As Tyne has reported here on U.S. Farm Report, weed experts all across the Corn Belt have been deluged with questions and complaints about dicamba damage.
Insurance companies have made it clear they want no part of the liability involved, causing commercial and custom applicators to hesitate to spray dicamba in many places.
State government oversight agencies are wrestling with possible actions. I would suspect litigation attorneys are carefully preparing the ground work for possible individual and even class action lawsuits with several zeroes in the damage claim numbers.
And all of us are anticipating the yield maps documenting unhappy results when the combines start rolling.

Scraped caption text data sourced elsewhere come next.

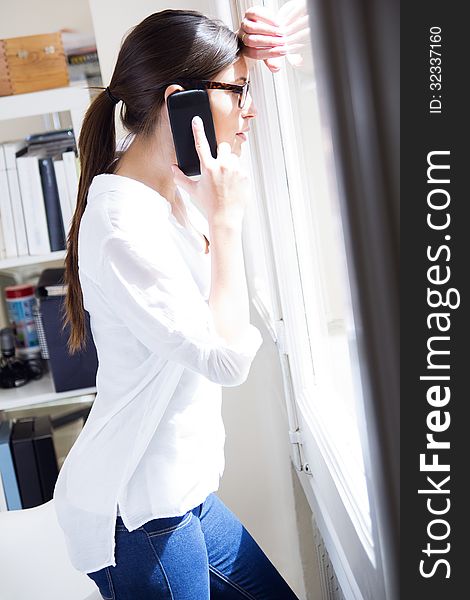 Businesswoman talking on mobile phone at work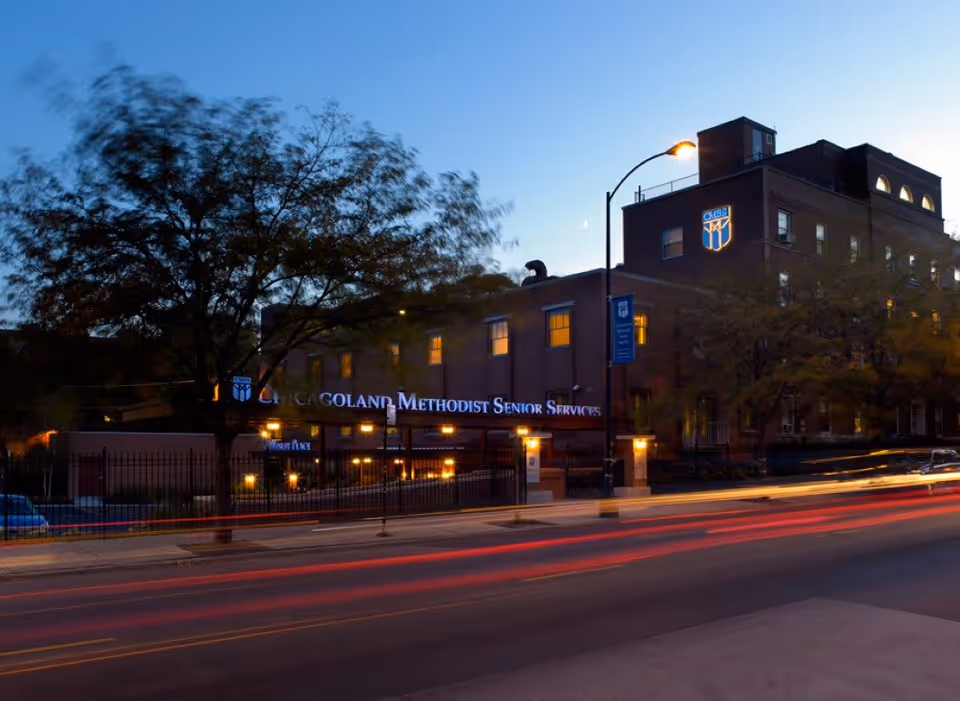 Dusk exterior view of a multi-story brick senior care facility with illuminated signage and streaking car lights in front.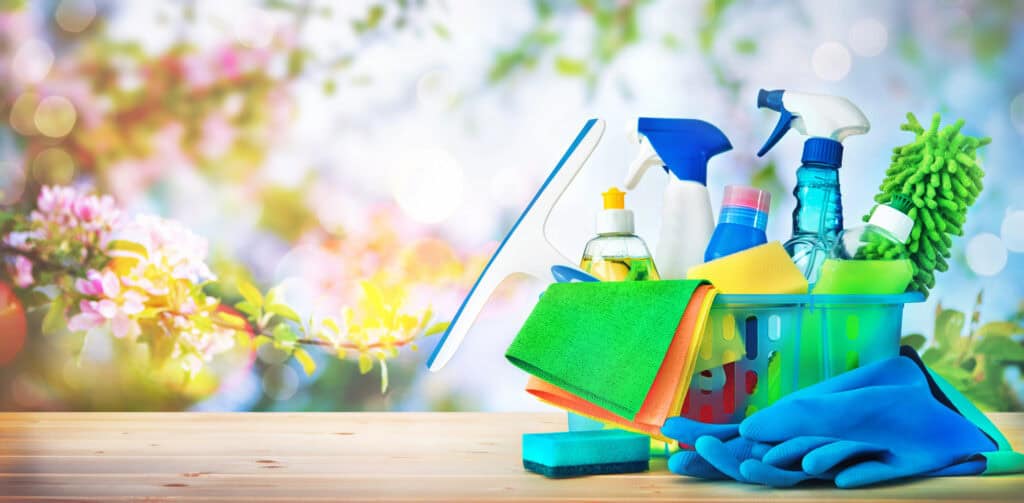 Cleaning supplies in a basket with gloves and sponge sitting on a table outside with pink flower outside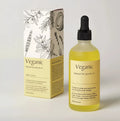 Veganic hair growth oil vegan natural essential treatment in a clear glass bottle with black dropper cap and golden-yellow liquid
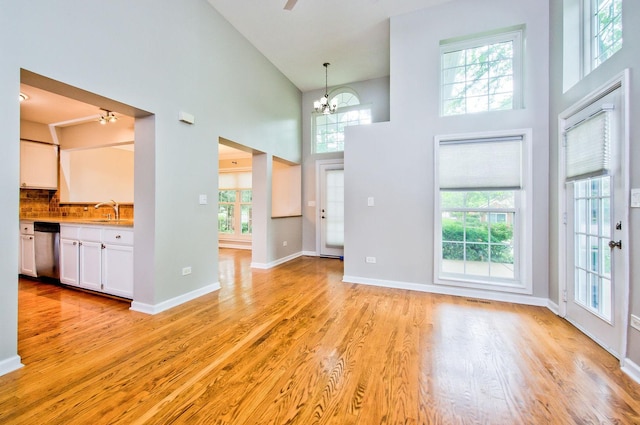 2015 N Silver Lake Rd Unit 1, Arlington Heights, IL 60004 - unfurnished living room featuring a towering ceiling, light wood-style flooring, a chandelier, and a ceiling fan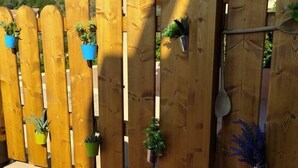 Una valla de madera con múltiples macetas sujetas a diferentes alturas.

The arc of this story is becoming clear I think.
First, weed pressure is intensifying, and dicamba resistant crops are clearly one powerful tool to bolster our arsenal to combat this threat. Our experience is it works very well.

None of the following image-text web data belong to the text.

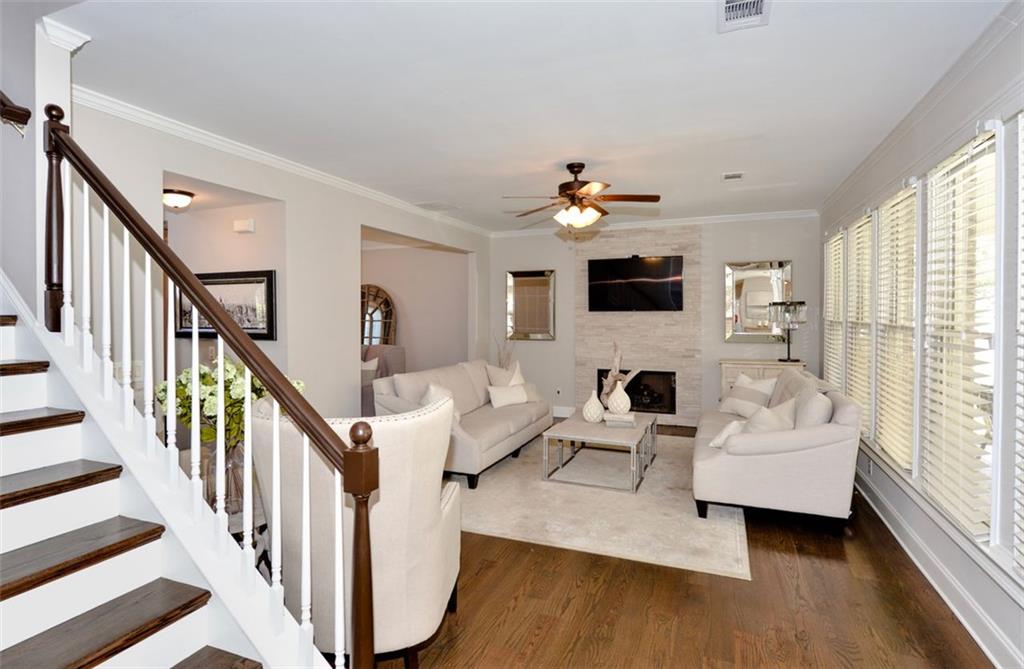 310 Windsor Gate Cove Northeast Atlanta, GA 30342 - Photo 24 of 58 a living room with furniture and a flat screen tv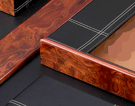 detail of burled wood and leather desk pad set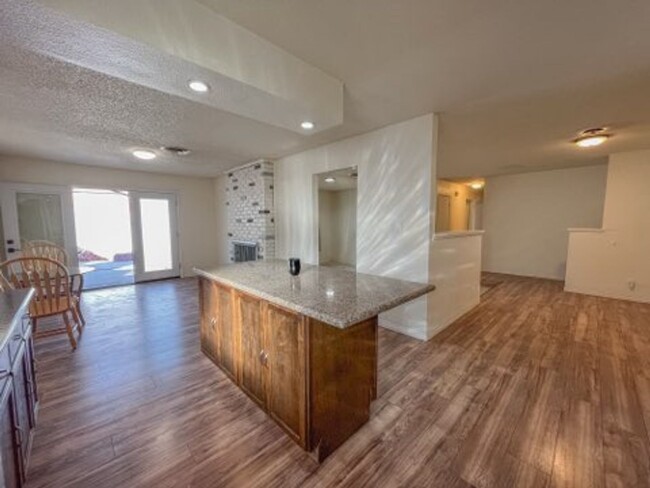 Building Photo - Spacious 4-Bedroom Home with Modern Upgrad...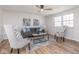 Cozy living room with hardwood floors, neutral-toned furniture, and natural light streaming through the window at 7624 Snowflake Dr, Indianapolis, IN 46227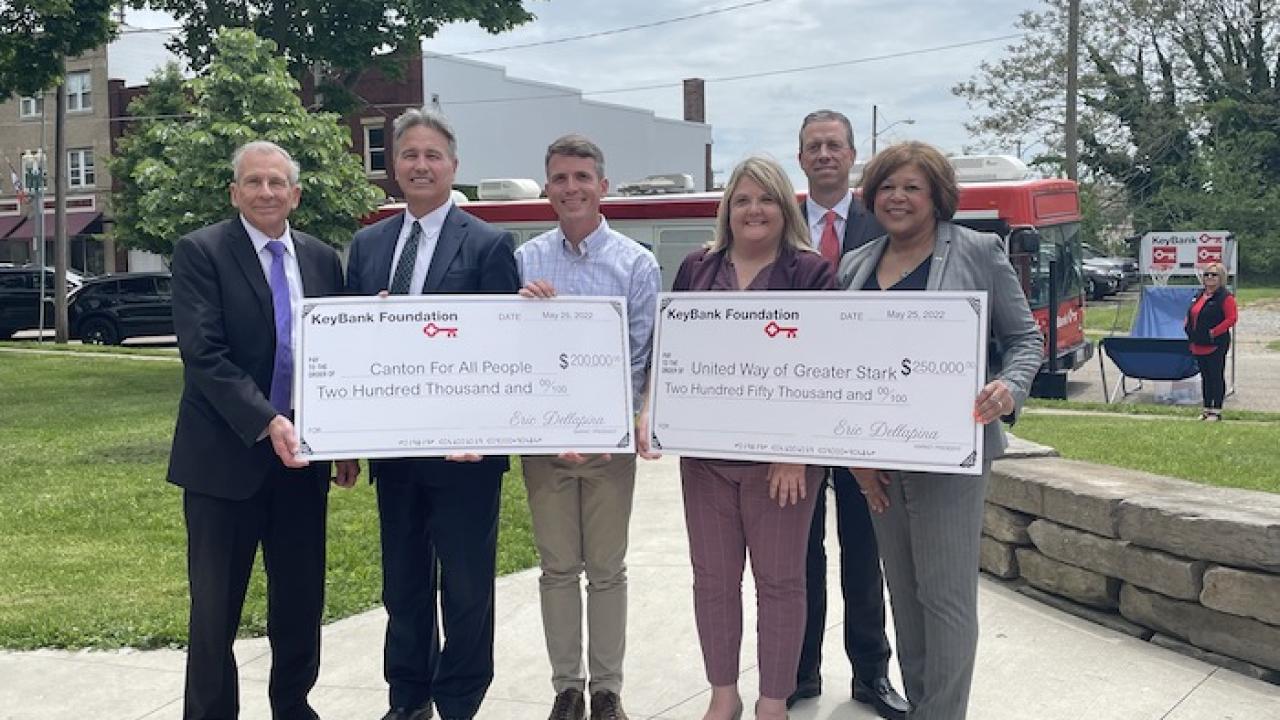 KeyBank Regional Sales Executive Tim Burke (second from right) along with KeyBank East Ohio Market President Eric Dellapina (far left) KeyBank Regional Retail Leader Becky Talley (far right) and Canton City Mayor Thomas Bernabei (far left) present Executive Director of Canton for All People Don Ackerman (third from left) with $200,000 grant and President and CEO of United Way Angela Perisic (third from right) with $250,000 grant.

Second, efforts to keep dicamba in its place have produced mixed and even counter-productive results. For example, many troublesome species invade from the outside in, such as this waterhemp. The required buffer zones for many dicamba applications frustrate attacking this problem.
Adjuvants and mechanical means of controlling drift and volatilization seem to decrease the effectiveness of dicamba on some weeds. Dicamba's volatility is actually a plus when tackling many weeds as it helps disperse to all the growing points.

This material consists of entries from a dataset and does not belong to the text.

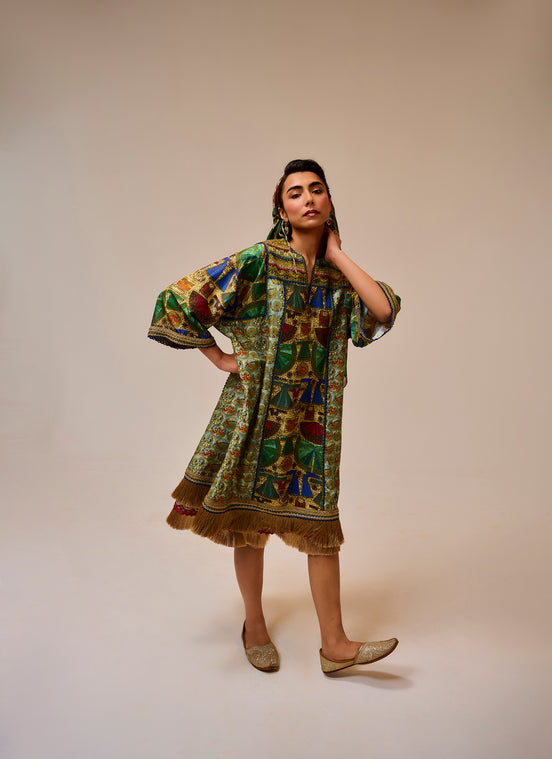 Woman wearing a colorful patterned dress on a beige background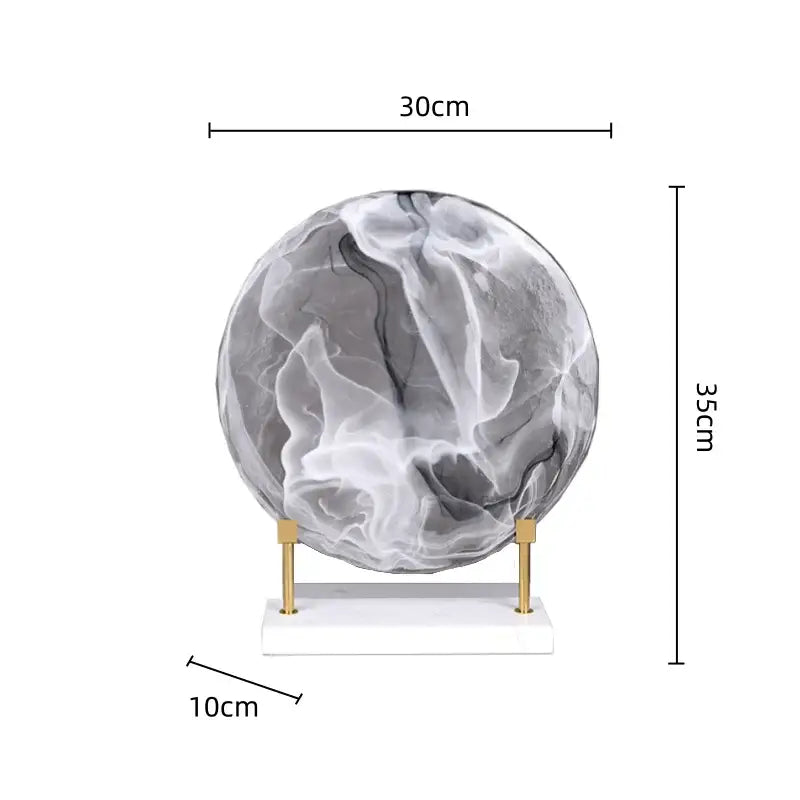 Gray and white marbled glass geometric disk figurine on minimalist gold stand for modern home decor display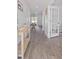 Inviting hallway with wood flooring, light gray walls, and view to dining area at 206 Math Place, Longs, SC 29568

Finally, it borders on impossible to clean a sprayer thoroughly enough to prevent some damage on subsequent applications. For all practical purposes, you clean out dicamba by spraying fall burndown.
Weed scientists have used cautious wording, but more voices are pointing out what has been obvious to farmers and applicators for weeks: this is not imaginary nor is there some other mysterious cause.
We have a dicamba problem.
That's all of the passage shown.